Figure 5.18 – Bruit ENC pour les 32 voies de 67 pièces Céramiques ASICs à 2 valeurs de peaking time - Figure du haut : tp = 4,4 µs / Figure du milieu : tp = 2,6 µs / Figure du bas : capacité par voie d’un substrat céramique nu.

La figure 5.18 permet d’observer une forte corrélation entre les capacités mesurées sur un substrat nu (avant le collage de la puce ASIC) et les mesures de bruit effectuées sur les Céramiques ASICs (une fois que la puce 32 voies est collée. D’ailleurs, si on soustrait les variables dépendant des détecteurs dans la formule F4.2 précédemment citée, nous voyons que l’ENCT OT AL dépend directement de la capacité équivalente de chaque voie. L’équation devient ainsi :

ENC2TOTAL = (A2/tp+ B2) × C2TOTAL

Le design est donc essentiel pour la maîtrise de la performance finale.

Figure 5.19 – Bruit ENC en fonction du gain - Graphe du haut : 7232 voies mesurées au peaking time 4,4 µs à −20C (226 Céramiques ASIC série 2) / Graphe du bas : 3616 voies

mesurées au peaking time 2,6 µs à −20C (113 Céramiques ASIC série 2).

Pour sélectionner les Céramiques ASIC, nous déterminons les voies les plus mauvaises pour éviter de les contre-coller à des Céramiques Détecteurs dont les voies les plus mauvaises en courant seraient aux mêmes positions.
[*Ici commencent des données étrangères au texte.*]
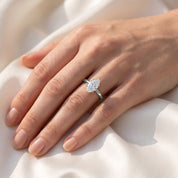 Marquise-Cut Solitaire Engagement Ring | Lab-Grown Diamond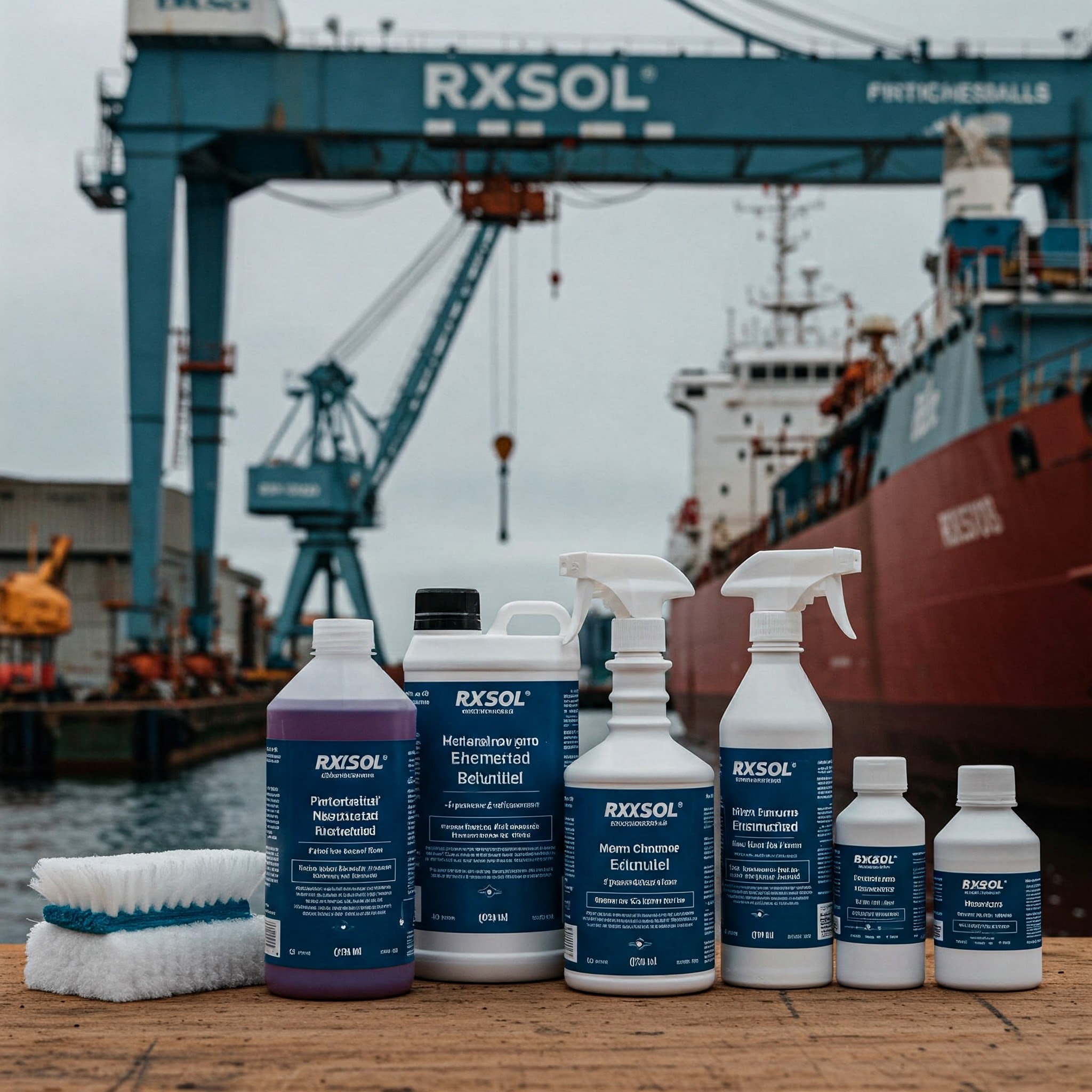 Personal Care Marine Chemicals products for Ship Chandlers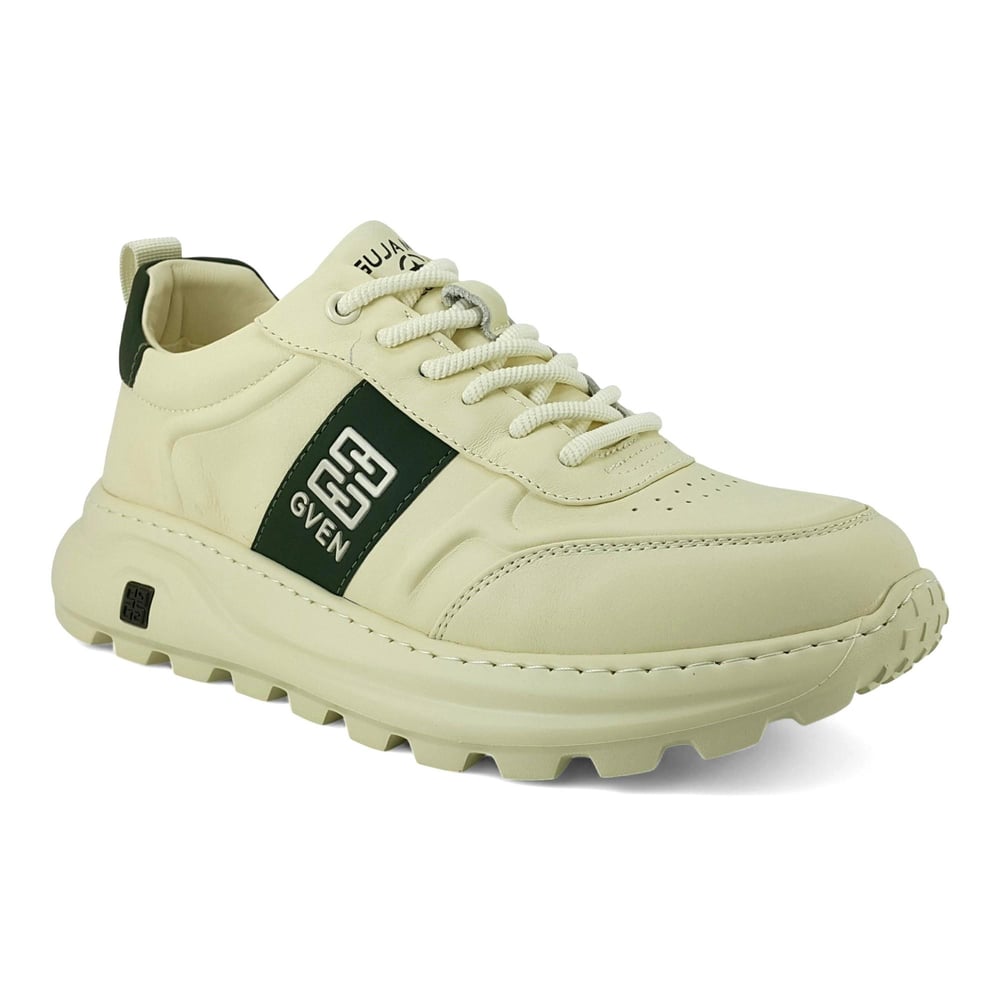 Guja 565 1 25KA Erkek Sneaker Günlük Ayakkabı Bej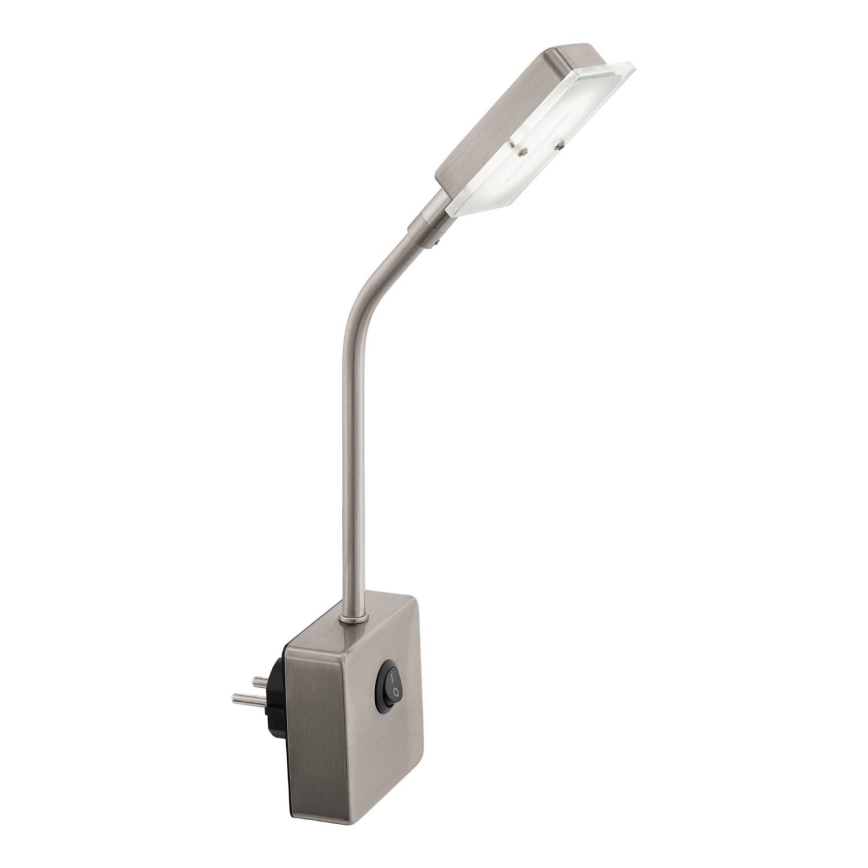 Eglo 54651 - LED Stekkerlamp LED/4,5W/230V 3000K mat chroom
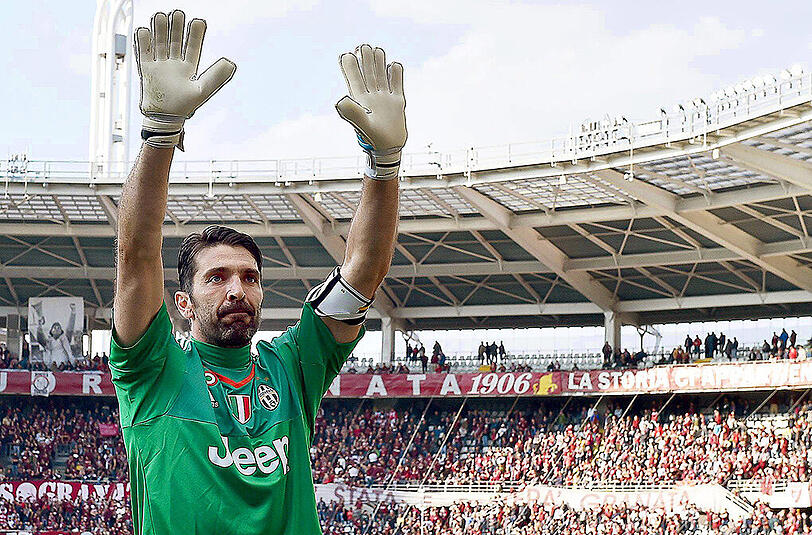 Gianluigi Buffon genoss die Aufmerksamkeit der Fans.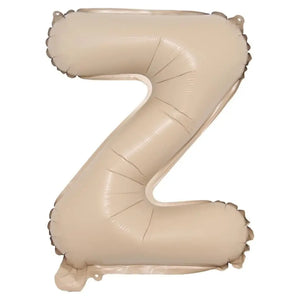 16-inch Matte Caramel Alphabet Letter Z Foil Balloon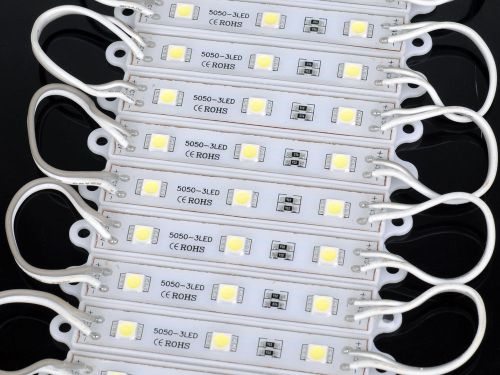 500PCs (250 feet) COOL WHITE 5050 SMD 3LED Module Waterproof US Seller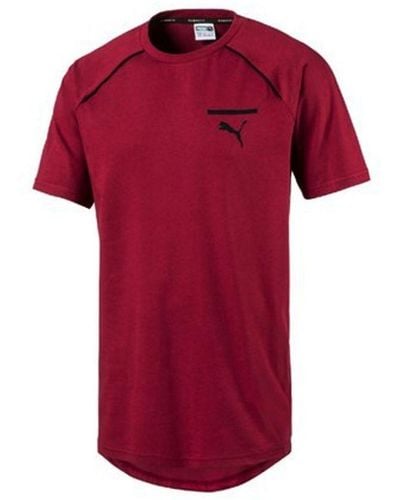 PUMA Evolution Core T-Shirt Casual Sports Top 573337 09 - Red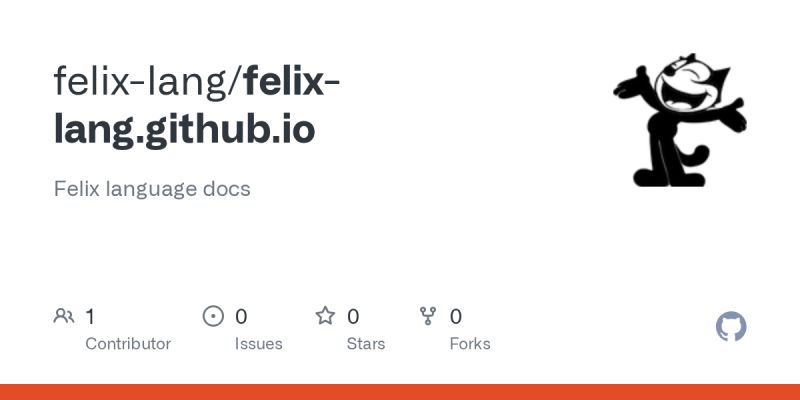 Github Felix Lang Felix Lang Github Io Felix Language Docs - Best Nature Illustrations in 4K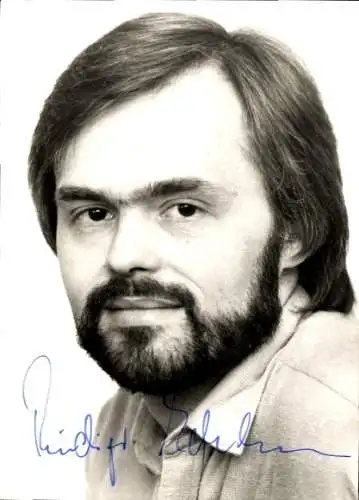 AK Schauspieler Rüdiger Edelmann, Portrait, Autogramm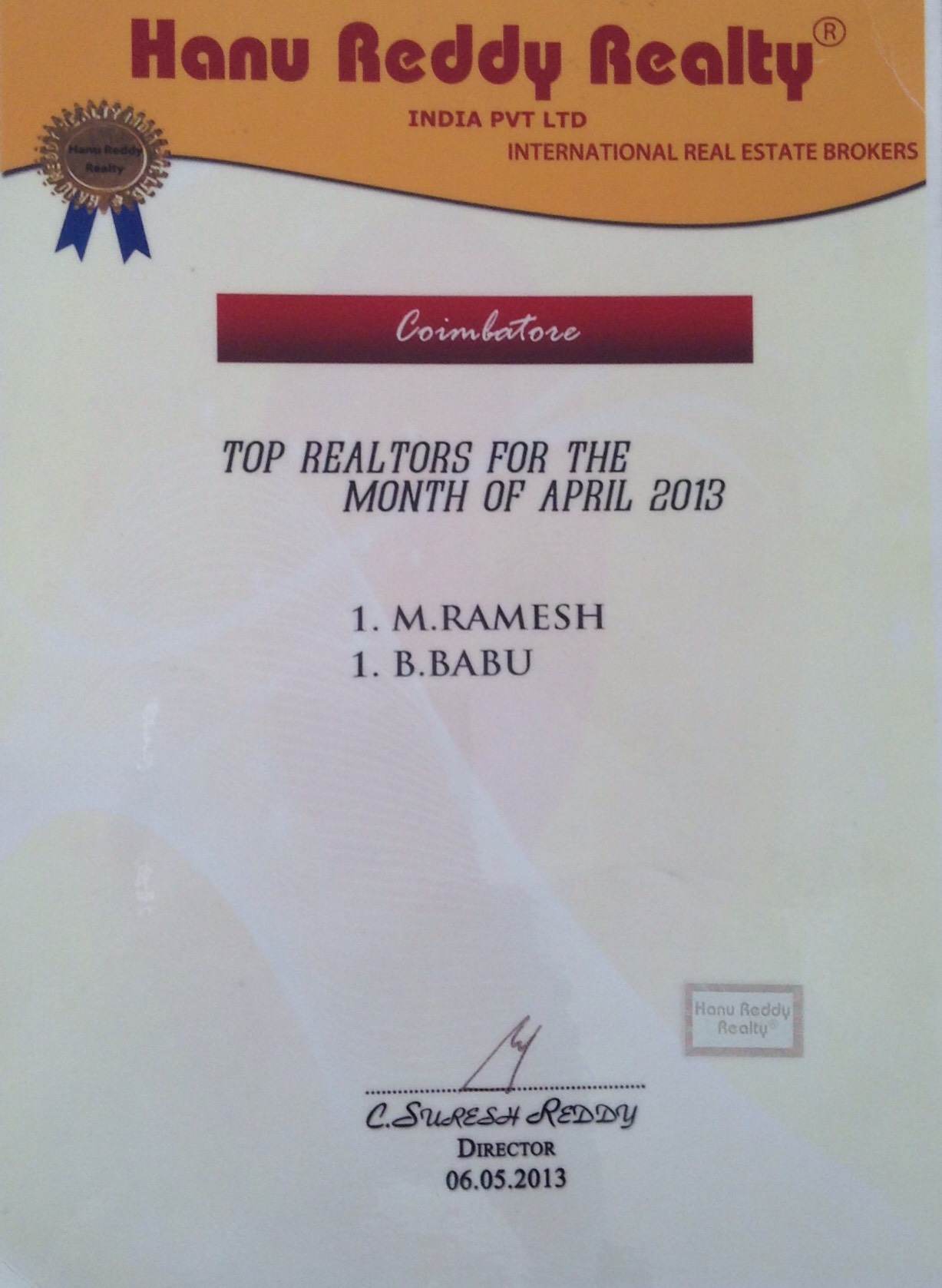 Certificates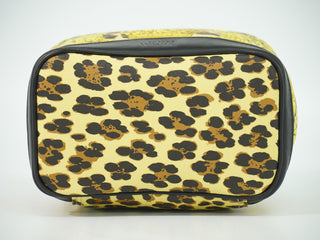 Versace Vanity Hand Bag Canvas and Leather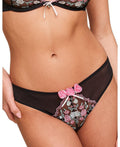 Adore Me Levana Womens Brazilian Panty - Floral Black, Large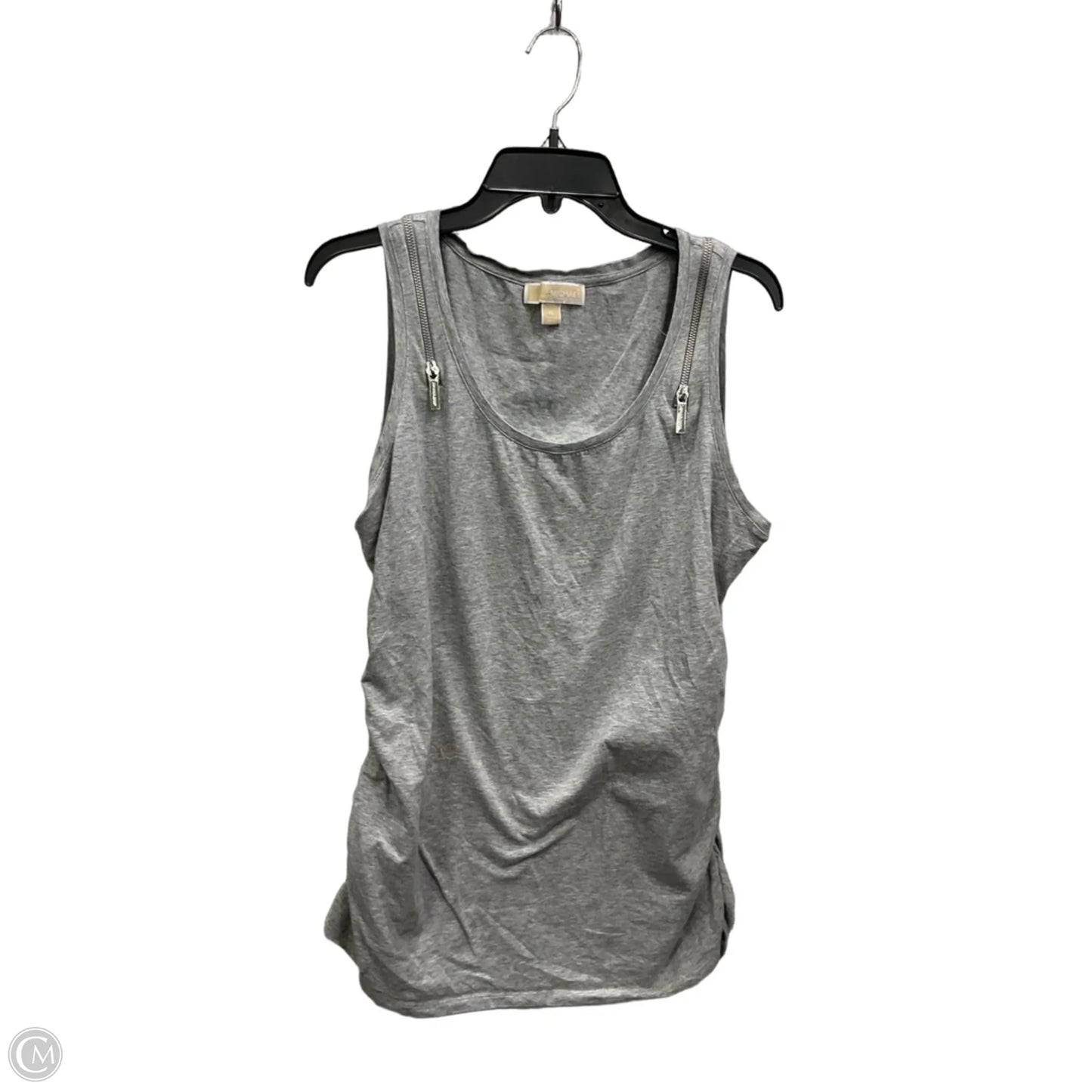 Top Sleeveless By Michael By Michael Kors In Grey, Size: Xl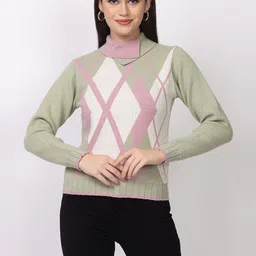 DressBerry Women Printed Woollen Pullover-picture-41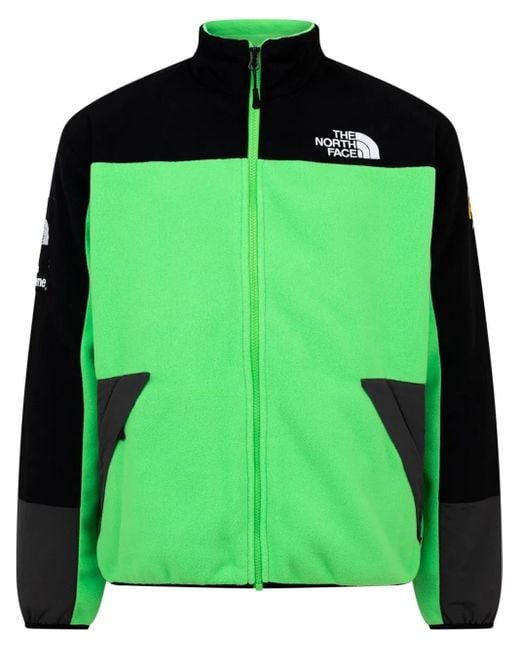 Supreme Green X The North Face Rtg Fleece Jacket for men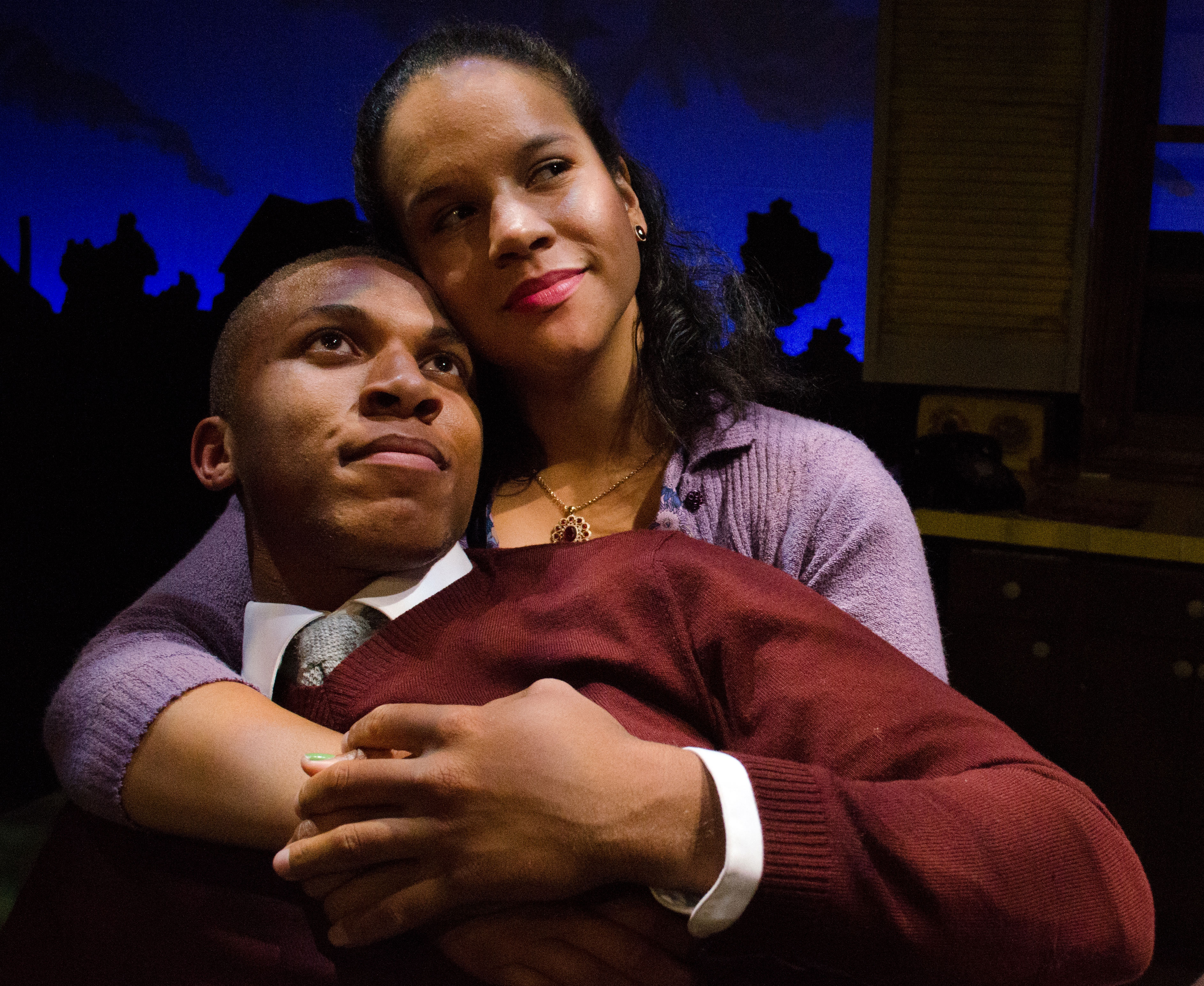 Treavor Boykin (with Marquicia Dominguez) as the doomed young Monroe. Paul Bestock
Ici, la figure 5.19 montre les mesures de bruit en fonction de celles du gain ; une boîte d’acceptance (en rouge) permet d’écarter les voies dont les ENC sont supérieurs à 74 e-, ce qui reste assez tolérant, pour ne pas dégrader la valeur finale de seuil bas en énergie. Nous voyons alors que plus de 96 % des voies (parmi 7232 voies ASIC) répondent à ce critère, à tp = 4,4 µs. La même figure, mais cette fois-ci pour des Céramiques ASIC programmées au peaking time de 2,6 µs (graphe du bas), donne 90,4 % de 3616 voies à l’intérieur de la boîte. Là où nous observons des mesures de gain resserrées, avec des valeurs comprises entre 175 et 200 mV/fC à 4,4 µs, nous voyons davantage de dispersion dans les mesures de bruit, avec une groupe majoritaire s’échelonnant de 58 à 69 e- et un groupe minoritaire qui se disperse vers des plus hautes valeurs (jusqu’à 95 e- RMS). C’est donc ce paramètre clé que nous avons retenu pour sélectionner les Céramiques ASIC et écarter celles qui avaient les valeurs d’ENC les plus élevées, ou a minima pour ne pas les appairer avec des voies de Céramiques Détecteurs donc les courants seraient eux-aussi élevés.